Boolean toggle for ‘breadth-first search’. Exactly one of ‘breadth-first search’ or ‘curiosity_policy’ must be specified.

calculate_size

Optional boolean toggle to calculate upper bound on remaining search space size which adds a small overheard; default is to not do this.

run_curiosity

Boolean toggle

curiosity_policy

Integer value (between 1 and 4) for best-fist search policy. Exactly one of ‘breadth-first search’ or ‘curiosity_policy’ must be specified. The four different prirization schemes are chosen, respectively, by values of one for prioritize by curiousity (see Section 5.1 of the paper), two for prioritize by the lower bound, three for prioritize by the objective or four for depth-first search.

latex_out

Optional boolean toggle to select LaTeX output of the output rule list.

map_type

Optional integer value for the symmetry-aware map. Use zero for no symmetry-aware map (this is also the default), one for permutation map, and two for the captured vector map.

verbosity_policy

Optional character variable one containing one or more of the terms ‘rule’, ‘label’, ‘minor’, ‘samples’, ‘progress’, ‘loud’, or ‘silent’.

max_num_nodes

Integer value for the maximum trie cache size; execution stops when the number of node isn trie exceeds this number; default is 100000.

regularization

Optional double value, default is 0.01 which can be thought of as a penalty equivalent to misclassifying 1% of the data when increasing the length of a rule list by one association rule.

logging_frequency

Optional integer value with default of 1000.

ablation

Integer value, default value is zero, one excludes the minimum support bounds (see Section 3.7), two excludes the lookahead bound (see Lemma 2 in Section 3.4).

Details

CORELS is a custom discrete optimization technique for building rule lists over a categorical feature space. The algorithm provides the optimal solution with a certificate of optimality. By leveraging algorithmic bounds, efficient data structures, and computational reuse, it achieves several orders of magnitude speedup in time and a massive reduction of memory consumption. This approach produces optimal rule lists on practical problems in seconds, and offers a novel alternative to CART and other decision tree methods.

Value

A constant bool for now

References

Elaine Angelino, Nicholas Larus-Stone, Daniel Alabi, Margo Seltzer, and Cynthia Rudin. *Learning Certifiably Optimal Rule Lists for Categorical Data.* JMLR 2018, http://www.jmlr.org/papers/volume18/17-716/17-716.pdf Nicholas Larus-Stone, Elaine Angelino, Daniel Alabi, Margo Seltzer, Vassilios Kaxiras, Aditya Saligrama, Cynthia Rudin. *Systems Optimizations for Learning Certifiably Optimal Rule Lists*. SysML 2018 http://www.sysml.cc/doc/2018/54.pdf Nicholas Larus-Stone. *Learning Certifiably Optimal Rule Lists: A Case For Discrete Optimization in the 21st Century.

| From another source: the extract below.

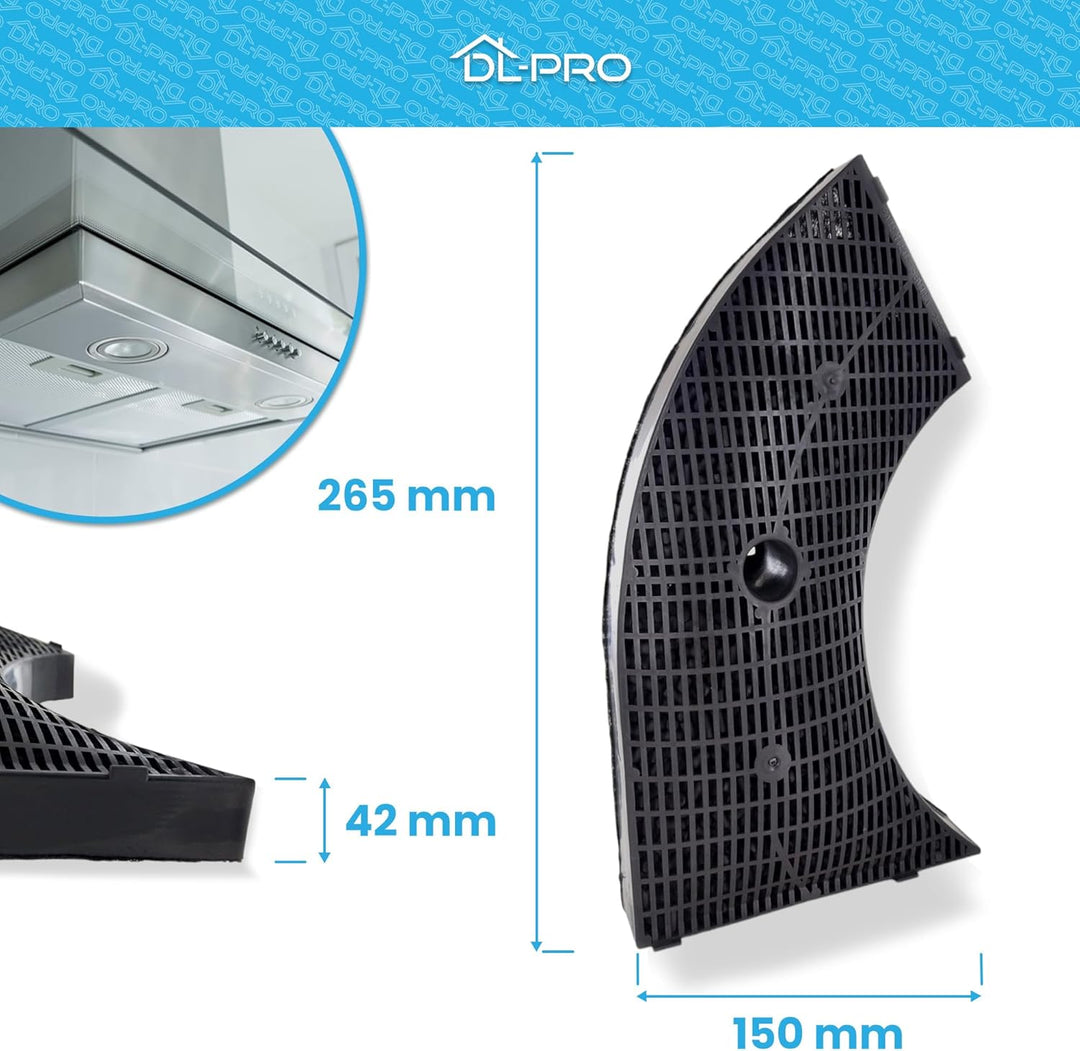 DL-pro 2 x Kohlefilter für Whirlpool 484000008582 AMC859 AEG Electrolux 902979380/0 Bosch 00647277 T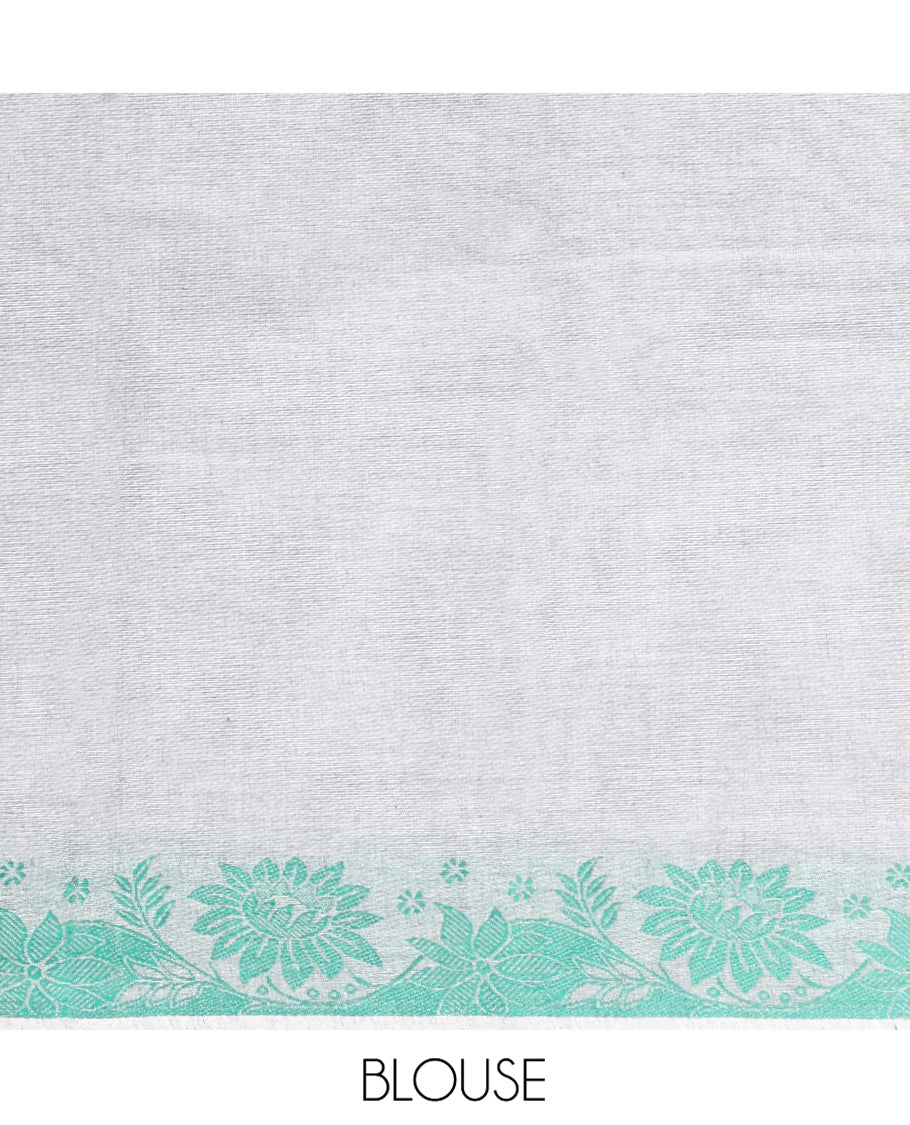 Grey Kanchi Cotton Saree, Steeped with Buttas All Over Its Body, a Subtle Self-Border, Pallu of Floral-Geometric Designs, and Paired with a Matching Blouse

Senior thesis 2017. https://dash.harvard.edu/handle/1/38811502. Elaine Angelino, Nicholas Larus-Stone, Daniel Alabi, Margo Seltzer, Cynthia Rudin. *Learning certifiably optimal rule lists for categorical data*. KDD 2017, https://www.kdd.org/kdd2017/papers/view/learning-certifiably-optimal-rule-lists-for-categorical-data.

See Also

The corels C++ implementation at https://github.com/nlarusstone/corels, the website at https://github.com/nlarusstone/corels and the Python implementation at https://github.com/fingoldin/pycorels.

Examples

library(corels)

logdir <- tempdir()
rules_file <- system.file("sample_data", "compas_train.out", package="corels")
labels_file <- system.file("sample_data", "compas_train.label", package="corels")
meta_file <- system.file("sample_data", "compas_train.minor", package="corels")

stopifnot(file.exists(rules_file),
          file.exists(labels_file),
          file.exists(meta_file),
          dir.exists(logdir))

corels(rules_file, labels_file, logdir, meta_file,
       verbosity_policy = "silent",
       regularization = 0.015,
       curiosity_policy = 2,   # by lower bound
       map_type = 1) 	   # permutation map
cat("See ", logdir, " for result file.")